2. Kettlebell Clean and Press –
This exercise targets your arms and shoulders. Start by holding the kettlebell in one hand with your arm extended straight down in front of you. explosively pull the kettlebell up to your shoulder, then press it overhead. Return to the starting position and repeat on the other side.
This exercise is similar to the kettlebell clean and press, but with a few added benefits. Not only does it work your arms and shoulders, but it also gets your heart rate up and challenges your coordination.
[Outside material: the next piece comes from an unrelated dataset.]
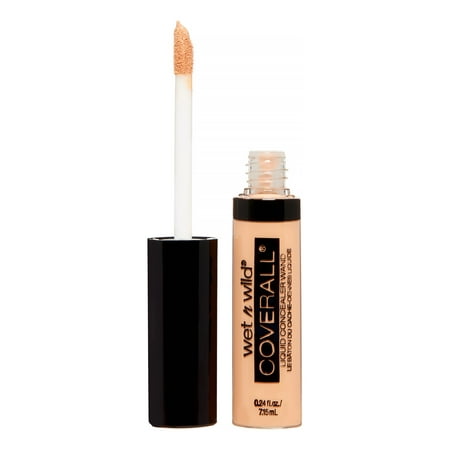 Wet N Wild CoverAll Liquid Concealer Wand, Beige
Start by holding the kettlebell in one hand with your arm extended straight down in front of you. explosively pull the kettlebell up to your shoulder, then quickly extend your arm overhead. Return to the starting position and repeat on the other side.
4. Kettlebell Farmer’s Walk –
This exercise works your arms, shoulders, and core. Start by standing tall with the kettlebells in each hand, palms facing in toward your body. Keeping your shoulders down and your core engaged, lift one kettlebell and bring it up to chest height. Keeping the kettlebell close to your body, walk forward while maintaining good posture. Repeat on the other side.
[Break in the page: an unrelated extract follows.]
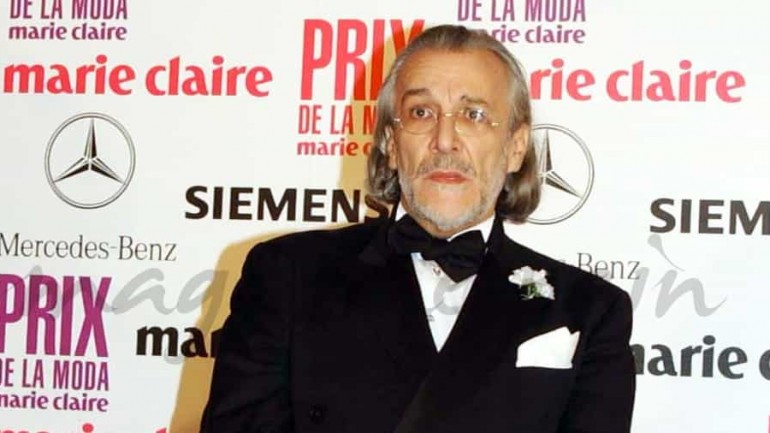 Sufría problemas cardíacos: Fallece a los 66 años, Pedro del Hierro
5. Kettlebell Overhead Triceps Extension –
This exercise targets the triceps muscles on the back of your arms. Start by holding a kettlebell in each hand with your arms extended straight overhead. Keeping your upper arms stationary, bend at the elbows to lower the kettlebells behind your head. Return to the starting position and repeat.
6. Kettlebell Front Raise –
This exercise works your shoulder muscles. Start by holding a kettlebell in each hand with your arms down at your sides. Keeping your core engaged, raise one kettlebell out in front of you until your arm is parallel to the ground. Lower the kettlebell back to your side and repeat on the other side.
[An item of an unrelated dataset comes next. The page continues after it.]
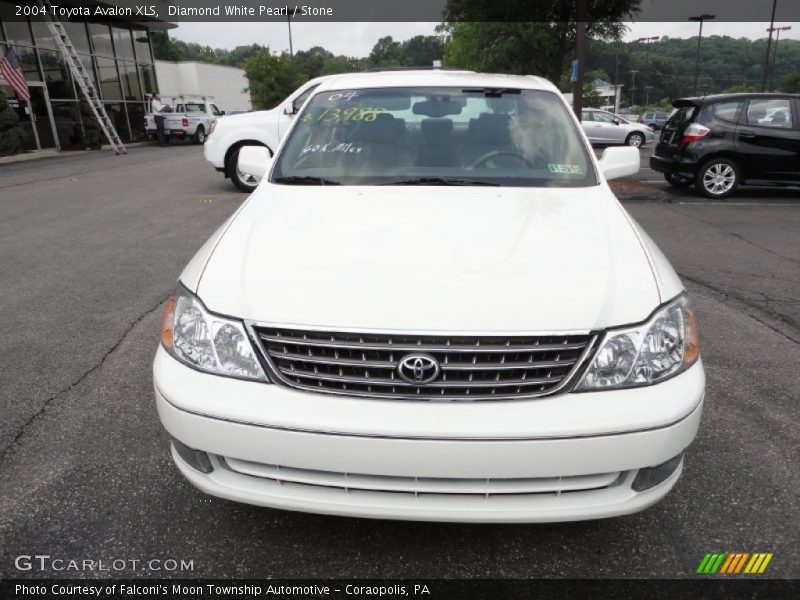 Diamond White Pearl / Stone 2004 Toyota Avalon XLS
7. Kettlebell Lateral Raise –
This exercise also works your shoulder muscles, but focuses more on the middle deltoid muscle. Start by holding a kettlebell in each hand with your arms down at your sides. Keeping your core engaged, raise one kettlebell out to the side until your arm is parallel to the ground. Lower the kettlebell back to your side and repeat on the other side.
8. Kettlebell Triceps Kickback –
This exercise targets the triceps muscles on the back of your arms. Start by holding a kettlebell in each hand with your palms facing in toward your body. Bend at the elbows to lower the kettlebells toward your sides, then extend your arms to return to the starting position.
9. Kettlebell Biceps Curl –
This exercise works your biceps muscles. Start by holding a kettlebell in each hand with your palms facing forward. Keeping your upper arms stationary, bend at the elbows to curl the kettlebells up toward your shoulders. Return to the starting position and repeat.
10. Kettlebell Renegade Row –
This exercise works your arms, shoulders, back, and core. Start in a push-up position with the kettlebells underneath your hands. Row one kettlebell up toward your chest, keeping your core engaged and your body in a straight line from head to toe. Lower the kettlebell back down and repeat on the other side.
11. Kettlebell Windmill –
This exercise works your arms, shoulders, and core. Start by holding a kettlebell in one hand and raising it overhead. Keeping your arm straight, lower the kettlebell down toward the floor on the same side of your body. At the same time, kick your leg out to the side and reach your other hand down toward the floor. Return to the starting position and repeat on the other side.
12. Kettlebell Around The World –
This exercise works your arms, shoulders, and core. Start by holding a kettlebell in one hand with your arm extended straight out to the side at shoulder height. Keeping your arm straight, circle the kettlebell around your head in a clockwise direction. Reverse the direction and circle the kettlebell around your head in a counterclockwise direction. Repeat on the other side.
So, kettlebells are a great way to tone your arms, as well as work your shoulder and core muscles. Incorporate these 12 kettlebell exercises into your workout routine to get the best results.